(Records to process)

Start of Block

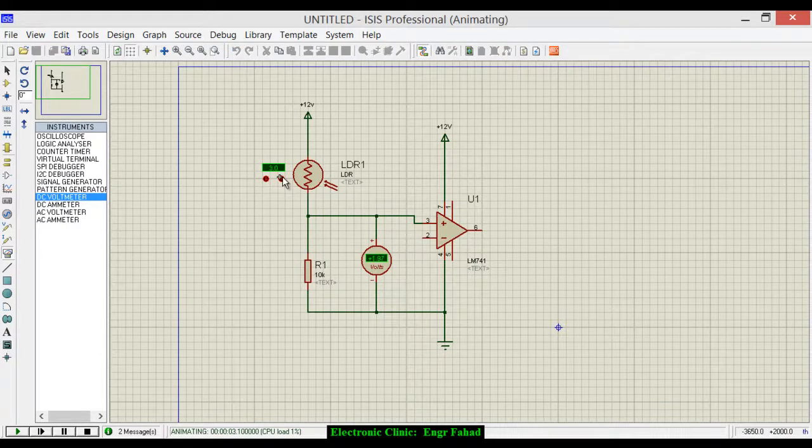Click Play. As I increase the light, you can see the voltage is also increasing. The LDR's resistance varies with the amount of light falling on it. When maximum light falls on the LDR, its resistance drops to almost 100 ohms, so most of the voltage drops across the 10k resistor. When there is no light, the LDR offers about 10k resistance. So voltage increases or decreases depending on the light falling on the LDR.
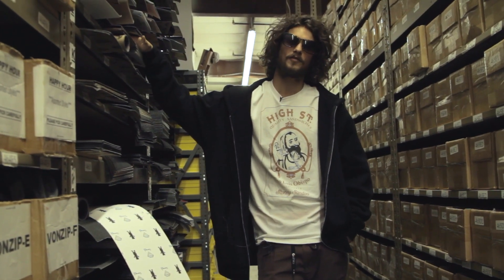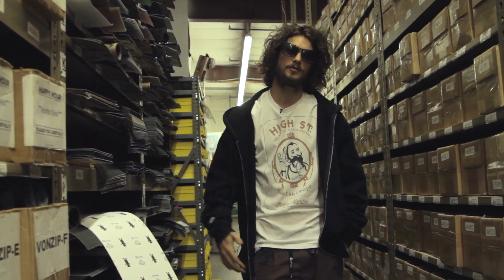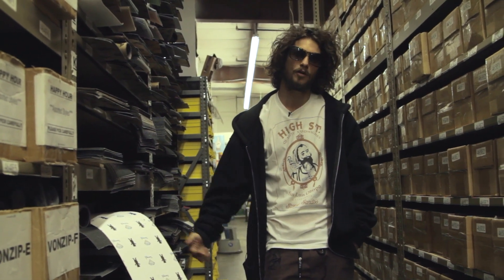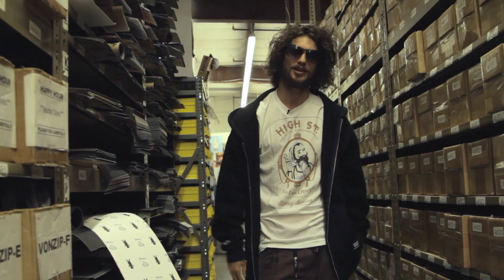Yo, what's up! This is Tory over here at the Skate Warehouse. We just wrapped up an autograph signing with the DVS team, and we're out here about to go straight to the skate park with the locals. Stoked, man — first time, let's do this!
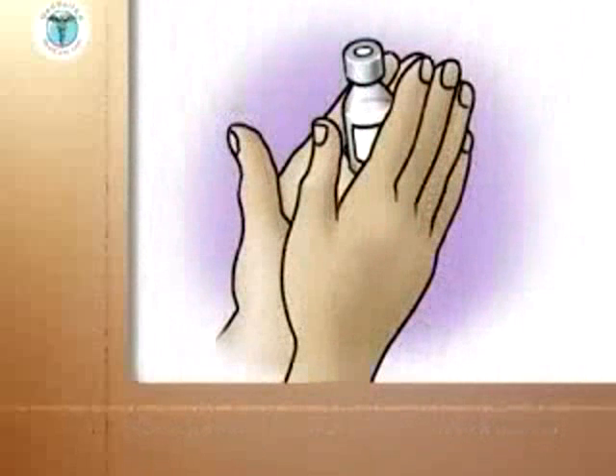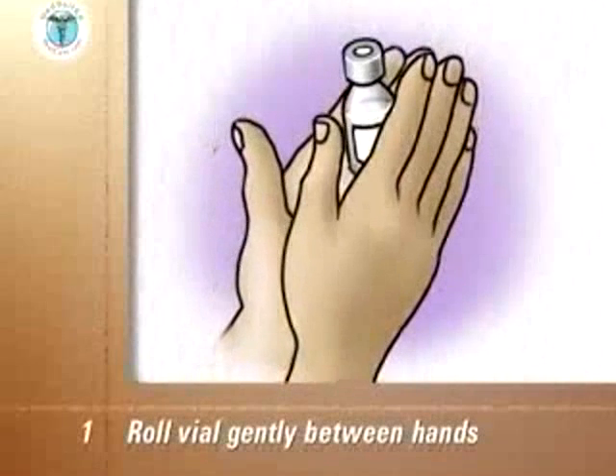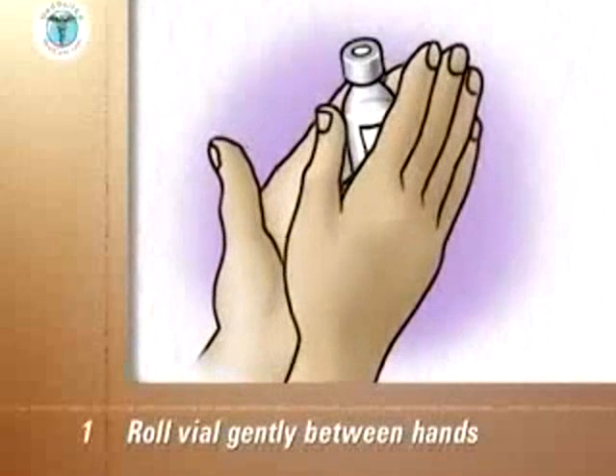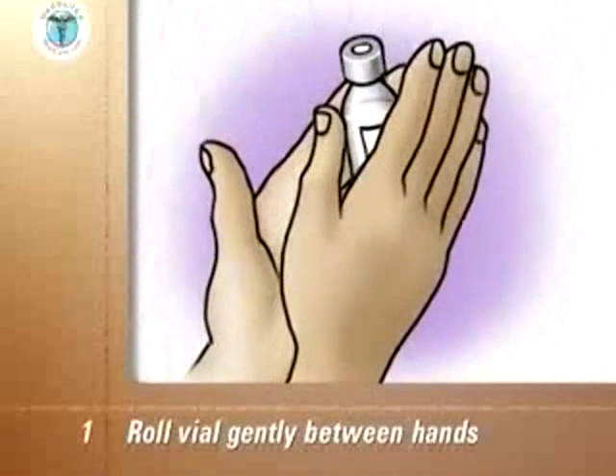Some insulins are cloudy suspensions. To ensure uniform dispersion of the insulin in the cloudy suspension, roll the vial gently between your hands. Avoid vigorous shaking, which will produce air bubbles or foam and interfere with obtaining the accurate dose.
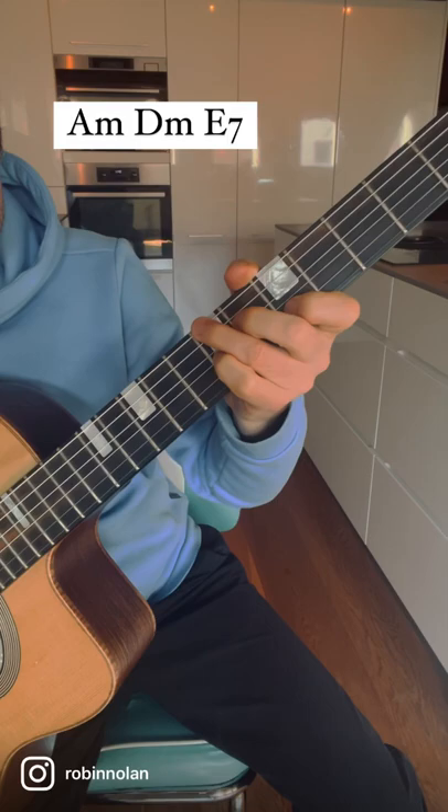Here's a really useful arpeggio exercise you can use to help increase your flow and dexterity when improvising. We're applying it to minor swing today, going over the chords for A minor, D minor, and E7, just using the arpeggios with this pattern.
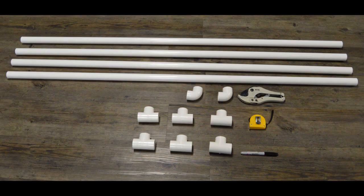The first step to building your ladder ball ladder is to gather all of your supplies. For this project you'll need 18 feet of 1 inch PVC pipe, two 1 inch 90 degree elbows, and eight 1 inch tees.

End of Block

(What is needed)
Everything above from the line containing "Some insulins are" down to the line containing "Here's a really" is to be duplicated exactly, both lines included, and the pictures are to be omitted.

(Response to this task)
Some insulins are cloudy suspensions. To ensure uniform dispersion of the insulin in the cloudy suspension, roll the vial gently between your hands. Avoid vigorous shaking, which will produce air bubbles or foam and interfere with obtaining the accurate dose.
Here's a really useful arpeggio exercise you can use to help increase your flow and dexterity when improvising. We're applying it to minor swing today, going over the chords for A minor, D minor, and E7, just using the arpeggios with this pattern.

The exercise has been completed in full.